Yes, in some sense memory is no more than a cache for slow disks (while disks are caches for network or whatever). Each lower level is more expensive and thus has lower capacity, however it's also faster and in particular has significantly lower access latency. L1 cache typically has latency of a few processor cycles, and at large each subsequent level has roughly order of magnitude larger access latency.

There is an another dimension in the structure - some caches are private to cores, while others are shared between several cores. There is usually an L1 cache (and potentially L2) per each core in modern processors. While L3 cache currently is usually shared between all cores in a processor.

So, without loss of generality let's consider a bit simpler structure:

Here I use terms "cache" and "memory" in a generalized sense, they may represent real L3 cache and memory, or L1 cache and L2 cache, or memory and disk and so on (in reality the scheme is actually applied several times recursively). So, we assume that "cache" is fast and private, while "memory" is slow and shared, and hereinafter we will analyze and optimize accesses to slow shared memory.

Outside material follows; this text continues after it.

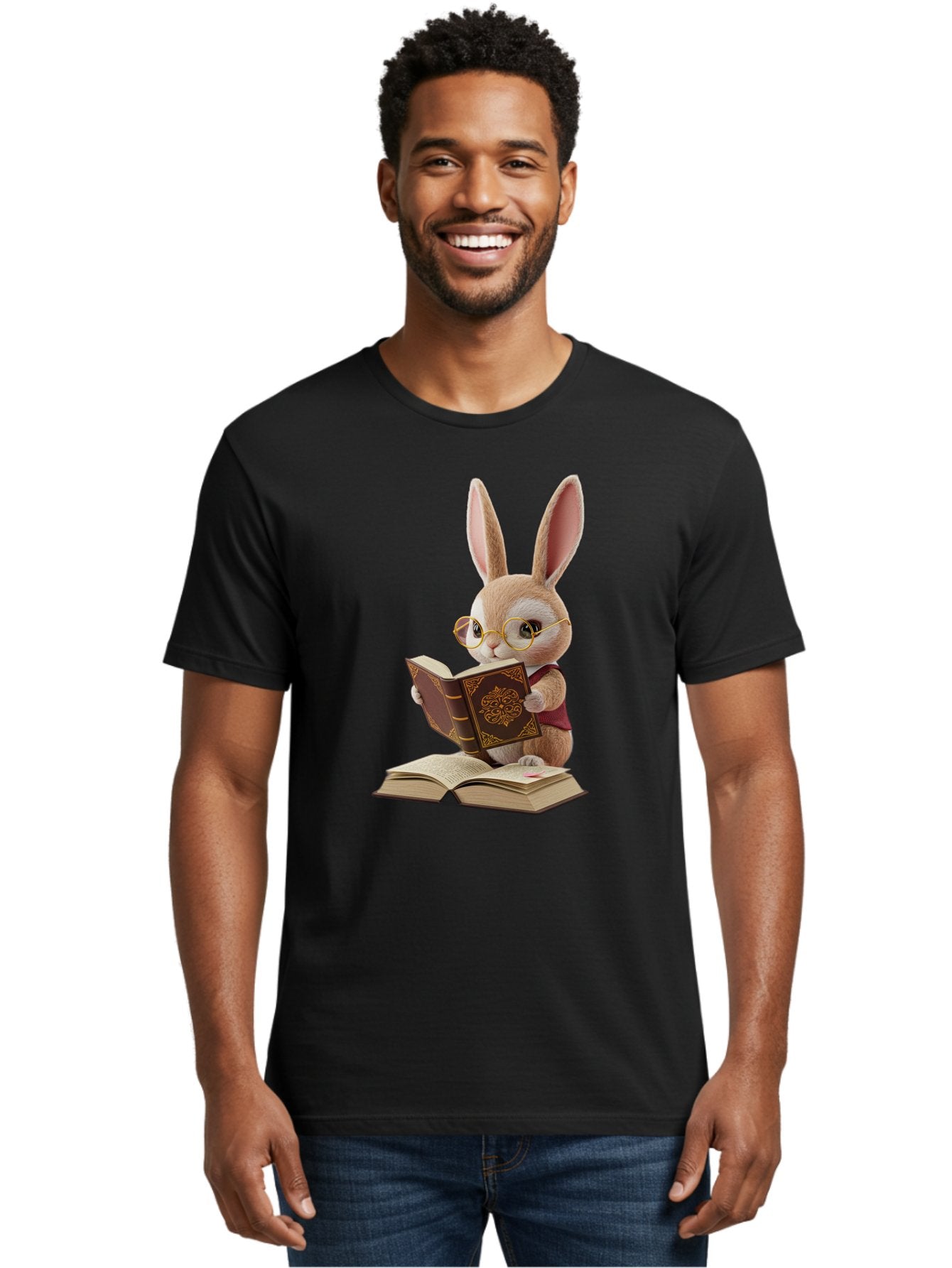 Rabbit-Reading-Book-1 Men'S Graphic Tee, 100% Cotton, Comfortable Casual Summer Wear, Machine Washable, Vintage Camera, Old Camera, Antique Camera, Black Camera, Classic Photography, Photography Equipment, Nostalgic Device, Film Camera, Baj723 19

Now let's consider the following problem. We have an array of N elements, and want to apply a pairwise predicate to each possible pair of elements:

struct item_t

{

uint64_t x;

uint64_t y;

};

bool predicate(item_t const* i1, item_t const* i2)

{

return ((i1->x + i2->y) * i2->x == (i1->y + i2->x) * i2->y);

}

std::vector<item_t> data (N);

The straightforward way to accomplish the task is to use doubly nested loops, and the straightforward way to parallelize it is to put "#pragma omp parallel for" over the outer loop:

size_t kernel(item_t const* begin1, item_t const* end1,

item_t const* begin2, item_t const* end2)

{

size_t count = 0;

for (item_t const* pos1 = begin1; pos1 != end1; pos1 += 1)

{

for (item_t const* pos2 = begin2; pos2 != end2; pos2 += 1)

{

if (predicate(pos1, pos2))

count += 1;

}

}

return count;

}

size_t calculate_straightforward_parallel(item_t const* begin, size_t count,

unsigned thread_count)

{

size_t res = 0;

# pragma omp parallel for reduction(+:res) num_threads(thread_count)

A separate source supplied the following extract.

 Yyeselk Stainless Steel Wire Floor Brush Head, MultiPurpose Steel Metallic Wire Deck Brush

for (int i = 0; i < (int)count; i += 1)

res += kernel(begin + i, begin + i + 1, begin, begin + count);

return res;

}

Let's analyze number of memory transfers MT(N) between memory and cache. It's quite evident that MT(N)=(N2/B), where B - is size of the block used for transfers (cache line size), that is, we are reloading whole array on each iteration of the inner loop (I assume that data do not fit into cache entirely). So, is it good or not? If we compare it to computational complexity O(N2), we may conclude that it is not all that bad. In the end we are doing O(1/B) memory transfers per unit of computations, that is, we perfectly exploit spatial locality - once a cache line is loaded we use all data contained in it.

Let's take a look at the performance graph on a 4 processors x 4 cores AMD machine (dataset size is 150K elements):

As can be seen, scalability beyond 3 threads is mediocre, and no scalability beyond 9 threads. What is the reason? The reason is that all threads constantly access memory which is a shared resource (read - potential bottleneck). Indeed, each thread must do a memory transfer each B computations.

So, what we've missed during design of our algorithm? We've missed possibility of data reuse in cache based on temporal locality. That is, once we've loaded some data into cache we want do as much computations on it as possible (ideally, all). And here cache-oblivious algorithms kick into action.

Cache-oblivious algorithms work by recursively dividing a problem's dataset into smaller parts and then doing as much computations of each part as possible. Eventually subproblem dataset fits into cache, and we can do significant amount of computations on it without accessing memory:

Note that we don't need to know exact cache hierarchy/parameters for it to work. We just recursively divide a dataset, and it inevitably eventually fits into L3 cache, then into L2 and then into L1. Also note that when we've done with a part that fits into L1, we need to load a new part into L1, but the load is satisfied from L2 rather than from memory (and the same for L2). So such recursive division automatically optimally exploits whatever cache hierarchy we have.